Sélection

Les meilleurs romans de Balzac

12 septembre 2023
Par Melanie C.
Les meilleurs romans de Balzac

Avec plus de 88 livres à son actif, Honoré de Balzac est l’un des écrivains les plus prolifiques de son siècle. Nombre de ses romans continuent d’enchanter les lecteurs du monde entier et d’être adaptés au cinéma, en témoignent les films Eugénie Grandet et Illusions perdues sortis cette année.

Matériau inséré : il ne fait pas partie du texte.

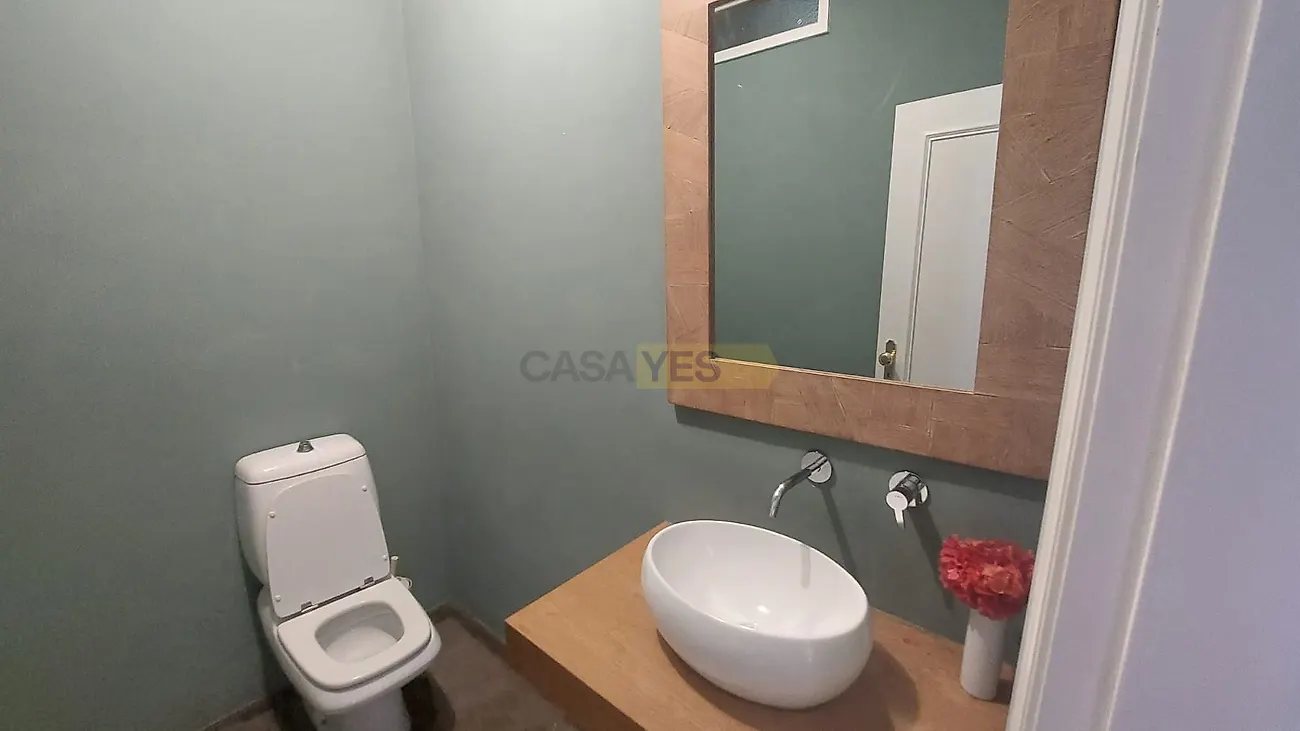Moradia T5 à venda em Árvore, Vila do Conde — foto 14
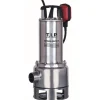 Schmutzwasser-Tauchpumpe 'Extrema 300/10 IX' 1200 W 19500 l/h
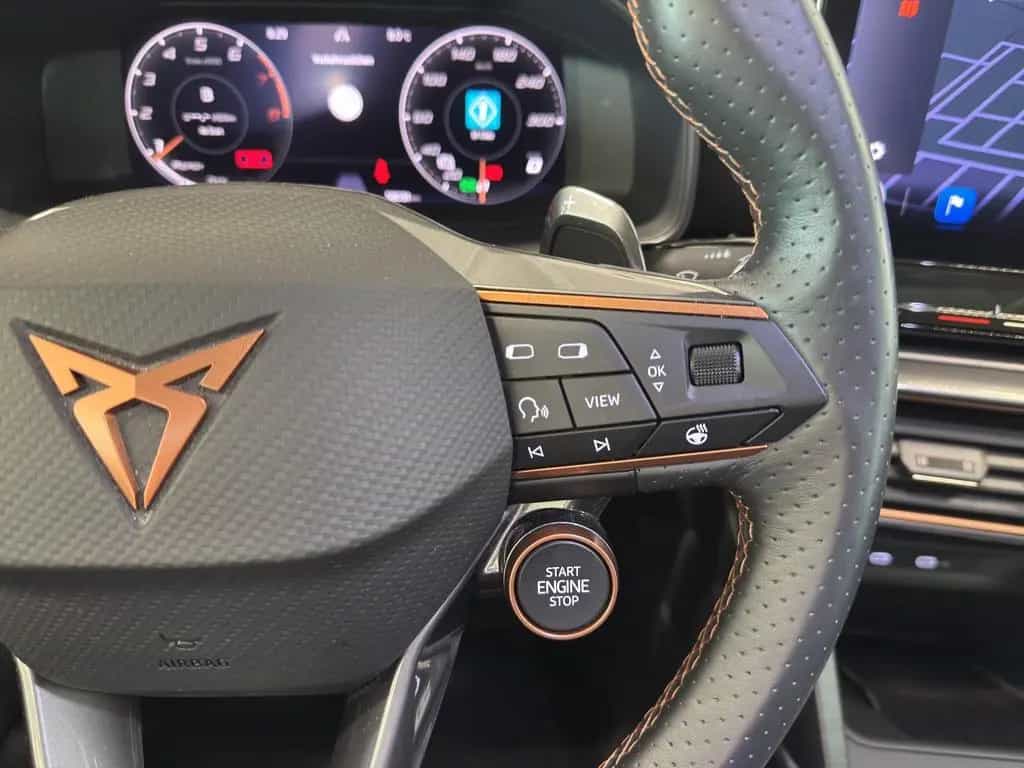 Cupra Formentor 2.0 TSI DSG 4Drive VZ MATRIX-LED NAVI 03/2023-photo-18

Petit florilège, par ordre chronologique de parution, de ces ouvrages intemporels faisant partie du grand cycle de La Comédie humaine.

Les Chouans (1829)

Si le roman Les Chouans avait conservé son titre originel (Le Gars), aurait-il été aussi populaire près de deux siècles après sa parution ? Le titre a d’ailleurs fluctué pendant plusieurs années avant de prendre celui que l’on connaît en 1845, en tant que tome XIII de La Comédie humaine.

On se retrouve plongés à la fin de la Révolution française et au début du Consulat, en 1799, au cours d’une intrigue mêlant aventure, romance et politique. Ou l’envoi d’une belle aristocrate en terres bretonnes afin de séduire le chef de paysans armés souhaitant le retour de la monarchie.

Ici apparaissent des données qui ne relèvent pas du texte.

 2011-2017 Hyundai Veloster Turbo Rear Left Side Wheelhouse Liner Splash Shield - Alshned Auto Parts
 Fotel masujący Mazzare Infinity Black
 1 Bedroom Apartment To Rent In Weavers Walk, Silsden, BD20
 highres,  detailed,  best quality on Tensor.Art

Évidemment, rien ne va se passer comme prévu, d’autant que les deux protagonistes vont tomber amoureux l’un de l’autre…

Deux adaptations ciné verront le jour : Les Chouans d’Henri Calef avec Jean Marais en 1947 et Chouans ! de Philippe de Broca sorti en 1988, avec Philippe Noiret et Sophie Marceau.

Petites misères de la vie conjugale (1830)

Cela ferait un bon titre de film de Woody Allen ou Pedro Almodovar. Quand Honoré de Balzac se lance dans une étude de mœurs, cela donne ces Petites misères de la vie conjugale. Un essai sur les différentes situations dans les couples et les familles, d’ordre sentimentales, psychologiques ou financières.

Rédigé sans ordre défini, il peut également se lire comme tel. Il est à noter de nombreux portraits truculents de ses semblables, sans lésiner non plus sur une part plus sombre et dramatique.

Une œuvre sans concession donc, qui obtint un joli succès lors de ses différentes éditions.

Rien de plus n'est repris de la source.